Broadcaster UTV’s lenders have agreed to ease borrowing terms after weaker than expected audience figures for its new Republic of Ireland station.
UTV Ireland’s viewing figures stalled in the last month, the company said in a stock market announcement.
As a result the company revised its guidance for the full year and now expects UTV Ireland to incur losses of £11.5m in 2015.
Shares in UTV fell sharply after the news, down 2pc in London.
“Having seen signs of audience growth in Q1, this has stalled in the last month, demonstrating the difficulty of predicting audiences for a start-up channel in a competitive market,” UTV said.
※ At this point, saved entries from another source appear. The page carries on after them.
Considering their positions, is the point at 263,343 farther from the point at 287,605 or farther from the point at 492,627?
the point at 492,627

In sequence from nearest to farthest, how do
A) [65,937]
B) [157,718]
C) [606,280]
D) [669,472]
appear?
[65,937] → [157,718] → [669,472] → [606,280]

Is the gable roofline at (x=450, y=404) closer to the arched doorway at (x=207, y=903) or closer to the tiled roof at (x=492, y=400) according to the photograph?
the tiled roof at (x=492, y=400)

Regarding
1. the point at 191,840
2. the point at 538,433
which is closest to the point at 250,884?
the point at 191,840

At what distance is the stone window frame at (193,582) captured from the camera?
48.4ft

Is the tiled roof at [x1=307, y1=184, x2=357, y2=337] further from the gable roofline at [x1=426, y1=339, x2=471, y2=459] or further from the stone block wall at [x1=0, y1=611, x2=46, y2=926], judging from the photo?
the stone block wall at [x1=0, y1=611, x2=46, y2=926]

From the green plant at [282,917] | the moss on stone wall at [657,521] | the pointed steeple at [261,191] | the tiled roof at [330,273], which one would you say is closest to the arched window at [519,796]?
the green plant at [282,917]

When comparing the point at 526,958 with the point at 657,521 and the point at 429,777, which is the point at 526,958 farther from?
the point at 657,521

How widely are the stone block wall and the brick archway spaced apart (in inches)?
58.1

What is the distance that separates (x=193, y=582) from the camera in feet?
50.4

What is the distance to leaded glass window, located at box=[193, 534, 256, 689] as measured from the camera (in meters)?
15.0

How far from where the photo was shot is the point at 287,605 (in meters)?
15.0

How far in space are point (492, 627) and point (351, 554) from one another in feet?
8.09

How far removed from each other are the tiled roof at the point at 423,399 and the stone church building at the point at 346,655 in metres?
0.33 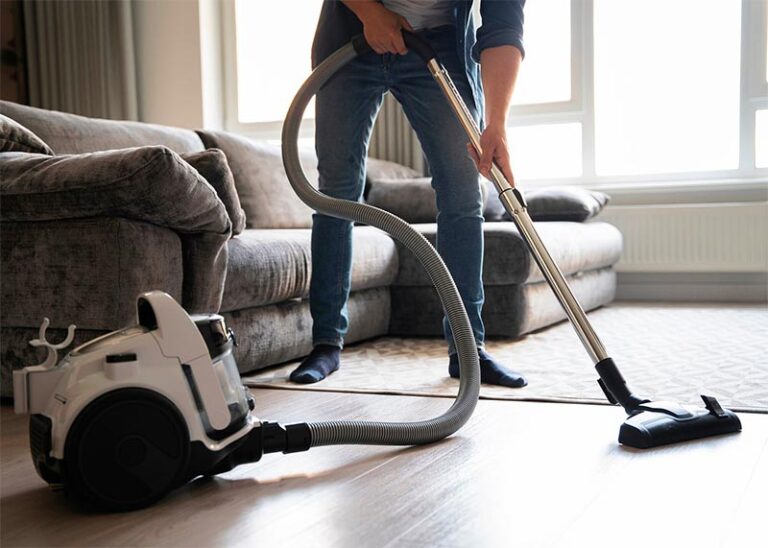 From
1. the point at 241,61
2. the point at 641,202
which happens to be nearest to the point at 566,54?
the point at 641,202

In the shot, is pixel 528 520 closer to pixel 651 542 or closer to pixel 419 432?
pixel 651 542

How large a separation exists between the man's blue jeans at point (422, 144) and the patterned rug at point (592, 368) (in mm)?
209

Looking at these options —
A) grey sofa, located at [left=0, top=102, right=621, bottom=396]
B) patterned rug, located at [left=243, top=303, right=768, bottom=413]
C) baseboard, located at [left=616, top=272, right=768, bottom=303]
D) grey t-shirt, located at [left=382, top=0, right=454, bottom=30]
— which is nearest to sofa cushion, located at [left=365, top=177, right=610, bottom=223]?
patterned rug, located at [left=243, top=303, right=768, bottom=413]

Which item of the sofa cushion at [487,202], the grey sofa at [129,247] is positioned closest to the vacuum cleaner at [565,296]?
the grey sofa at [129,247]

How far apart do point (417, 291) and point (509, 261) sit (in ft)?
1.16

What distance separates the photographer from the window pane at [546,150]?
4516 mm

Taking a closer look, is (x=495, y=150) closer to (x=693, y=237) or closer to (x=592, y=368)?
(x=592, y=368)

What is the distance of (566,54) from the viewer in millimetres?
4434

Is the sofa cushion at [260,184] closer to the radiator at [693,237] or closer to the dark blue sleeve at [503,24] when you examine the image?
the dark blue sleeve at [503,24]

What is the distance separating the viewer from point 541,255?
153 cm

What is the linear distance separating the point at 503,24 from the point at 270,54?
3416 mm

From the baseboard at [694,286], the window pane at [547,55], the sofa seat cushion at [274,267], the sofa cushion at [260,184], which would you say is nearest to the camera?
the sofa seat cushion at [274,267]

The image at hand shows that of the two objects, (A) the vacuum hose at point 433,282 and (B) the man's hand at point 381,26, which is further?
(B) the man's hand at point 381,26

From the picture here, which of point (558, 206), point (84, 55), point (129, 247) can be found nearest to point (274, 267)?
point (129, 247) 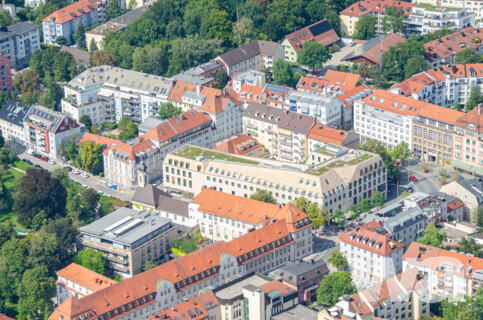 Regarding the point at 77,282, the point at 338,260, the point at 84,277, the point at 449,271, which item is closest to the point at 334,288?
the point at 338,260

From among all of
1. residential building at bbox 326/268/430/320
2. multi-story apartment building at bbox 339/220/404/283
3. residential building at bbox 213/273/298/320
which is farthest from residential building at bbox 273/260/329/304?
residential building at bbox 326/268/430/320

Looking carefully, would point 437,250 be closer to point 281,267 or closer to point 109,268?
point 281,267

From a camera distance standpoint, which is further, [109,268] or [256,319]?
[109,268]

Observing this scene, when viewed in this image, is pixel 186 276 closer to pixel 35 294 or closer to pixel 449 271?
pixel 35 294

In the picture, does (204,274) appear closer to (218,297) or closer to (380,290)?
(218,297)

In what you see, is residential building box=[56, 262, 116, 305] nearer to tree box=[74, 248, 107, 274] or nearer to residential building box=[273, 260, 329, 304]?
tree box=[74, 248, 107, 274]

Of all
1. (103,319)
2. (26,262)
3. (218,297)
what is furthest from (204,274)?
(26,262)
The company said viewership figures remain volatile, especially away from its imported prime time shows such as Coronation Street.
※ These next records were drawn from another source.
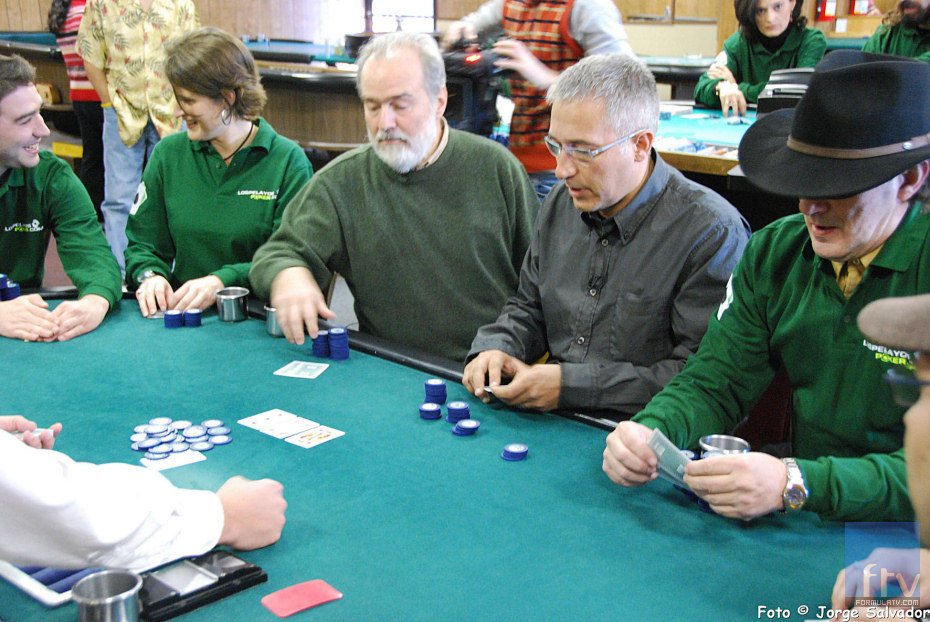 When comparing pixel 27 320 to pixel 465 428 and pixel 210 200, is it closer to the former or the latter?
pixel 210 200

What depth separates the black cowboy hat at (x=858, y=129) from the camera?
1485mm

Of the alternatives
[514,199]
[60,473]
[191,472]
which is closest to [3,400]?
[191,472]

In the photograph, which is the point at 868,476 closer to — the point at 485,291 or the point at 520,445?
the point at 520,445

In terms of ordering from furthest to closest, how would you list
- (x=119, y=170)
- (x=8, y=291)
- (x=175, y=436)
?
(x=119, y=170) < (x=8, y=291) < (x=175, y=436)

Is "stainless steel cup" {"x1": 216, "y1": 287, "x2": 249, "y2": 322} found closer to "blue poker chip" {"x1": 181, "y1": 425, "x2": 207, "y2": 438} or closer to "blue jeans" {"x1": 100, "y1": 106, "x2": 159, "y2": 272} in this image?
"blue poker chip" {"x1": 181, "y1": 425, "x2": 207, "y2": 438}

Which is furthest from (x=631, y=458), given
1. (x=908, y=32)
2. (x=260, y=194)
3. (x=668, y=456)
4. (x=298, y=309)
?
(x=908, y=32)

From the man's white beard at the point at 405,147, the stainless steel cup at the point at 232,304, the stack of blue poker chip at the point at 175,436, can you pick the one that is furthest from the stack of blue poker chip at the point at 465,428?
the man's white beard at the point at 405,147

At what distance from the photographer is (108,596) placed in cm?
117

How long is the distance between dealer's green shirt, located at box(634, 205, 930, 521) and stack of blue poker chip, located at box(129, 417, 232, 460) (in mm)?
840

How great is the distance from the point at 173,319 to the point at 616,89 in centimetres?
139

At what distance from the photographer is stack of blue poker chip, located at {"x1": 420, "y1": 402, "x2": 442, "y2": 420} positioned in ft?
6.20

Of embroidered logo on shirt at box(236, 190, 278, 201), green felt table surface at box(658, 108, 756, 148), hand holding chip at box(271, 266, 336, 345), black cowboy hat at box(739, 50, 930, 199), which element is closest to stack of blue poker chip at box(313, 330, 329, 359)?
hand holding chip at box(271, 266, 336, 345)

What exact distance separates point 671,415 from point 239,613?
915 mm

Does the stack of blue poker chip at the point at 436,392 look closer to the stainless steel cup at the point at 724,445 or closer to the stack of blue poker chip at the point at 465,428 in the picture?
the stack of blue poker chip at the point at 465,428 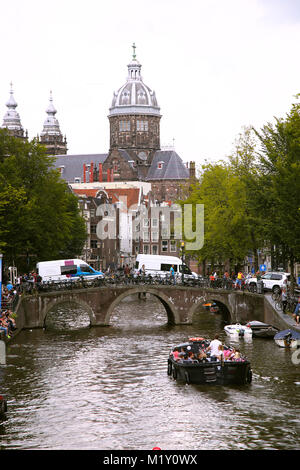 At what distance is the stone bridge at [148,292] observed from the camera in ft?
207

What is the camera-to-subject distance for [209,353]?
4288 centimetres

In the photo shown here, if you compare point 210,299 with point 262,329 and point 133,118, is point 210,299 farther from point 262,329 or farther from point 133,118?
point 133,118

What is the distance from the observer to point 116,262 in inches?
5389

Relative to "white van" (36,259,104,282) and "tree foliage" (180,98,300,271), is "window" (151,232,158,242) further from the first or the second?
"white van" (36,259,104,282)

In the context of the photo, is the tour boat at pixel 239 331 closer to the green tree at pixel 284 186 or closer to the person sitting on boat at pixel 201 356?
the green tree at pixel 284 186

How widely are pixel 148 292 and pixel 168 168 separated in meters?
131

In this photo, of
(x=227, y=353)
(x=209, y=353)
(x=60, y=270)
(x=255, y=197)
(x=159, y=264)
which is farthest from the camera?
(x=159, y=264)

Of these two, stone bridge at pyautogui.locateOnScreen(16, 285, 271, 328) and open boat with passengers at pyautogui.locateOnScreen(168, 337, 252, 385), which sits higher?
stone bridge at pyautogui.locateOnScreen(16, 285, 271, 328)

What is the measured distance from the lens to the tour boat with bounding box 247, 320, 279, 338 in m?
57.0

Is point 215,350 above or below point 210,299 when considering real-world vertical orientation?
below

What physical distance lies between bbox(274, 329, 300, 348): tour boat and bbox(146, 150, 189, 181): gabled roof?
143475 mm

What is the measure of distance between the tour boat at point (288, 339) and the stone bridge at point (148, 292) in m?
10.2

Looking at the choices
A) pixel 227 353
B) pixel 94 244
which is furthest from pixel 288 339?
pixel 94 244

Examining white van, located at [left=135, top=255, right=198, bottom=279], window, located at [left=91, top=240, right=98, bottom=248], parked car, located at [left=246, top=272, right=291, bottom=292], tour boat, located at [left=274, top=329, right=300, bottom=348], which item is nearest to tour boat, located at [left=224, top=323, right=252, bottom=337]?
tour boat, located at [left=274, top=329, right=300, bottom=348]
“Whilst weekday peak time has performed well, with viewership almost 40pc greater than both RTE2 and TV3, day-time and weekend viewing has been disappointing.”
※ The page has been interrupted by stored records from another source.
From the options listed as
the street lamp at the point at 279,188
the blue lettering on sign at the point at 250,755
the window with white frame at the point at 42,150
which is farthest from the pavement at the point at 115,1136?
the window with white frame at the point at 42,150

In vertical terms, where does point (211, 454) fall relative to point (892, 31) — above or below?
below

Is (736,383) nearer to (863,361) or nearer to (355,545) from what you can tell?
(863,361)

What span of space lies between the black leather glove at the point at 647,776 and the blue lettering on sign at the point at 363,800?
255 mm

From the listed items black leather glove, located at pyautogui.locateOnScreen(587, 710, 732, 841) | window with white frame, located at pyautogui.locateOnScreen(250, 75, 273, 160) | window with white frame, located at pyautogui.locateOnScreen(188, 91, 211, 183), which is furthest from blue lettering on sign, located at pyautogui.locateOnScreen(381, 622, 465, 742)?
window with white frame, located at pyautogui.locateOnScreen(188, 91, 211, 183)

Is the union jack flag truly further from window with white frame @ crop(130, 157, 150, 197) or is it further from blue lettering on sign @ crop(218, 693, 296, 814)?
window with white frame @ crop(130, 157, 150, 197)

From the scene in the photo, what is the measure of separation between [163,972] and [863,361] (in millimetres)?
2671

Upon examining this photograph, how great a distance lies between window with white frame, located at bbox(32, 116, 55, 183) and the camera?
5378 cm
UTV said its board has approved an “action plan” to address the problems but said it will take time deliver improvements in viewership.
Despite the latest setback UTV said its strategic objective is still for UTV Ireland to be the second most watched channel in the Republic by 2017.
In the light of the latest developments UTV’s lenders have agreed to ease the terms on its company debt by allowing net debt/ebitda covenants on its facilities to be raised from 3.5:1 to 4.5:1 for a period of one year.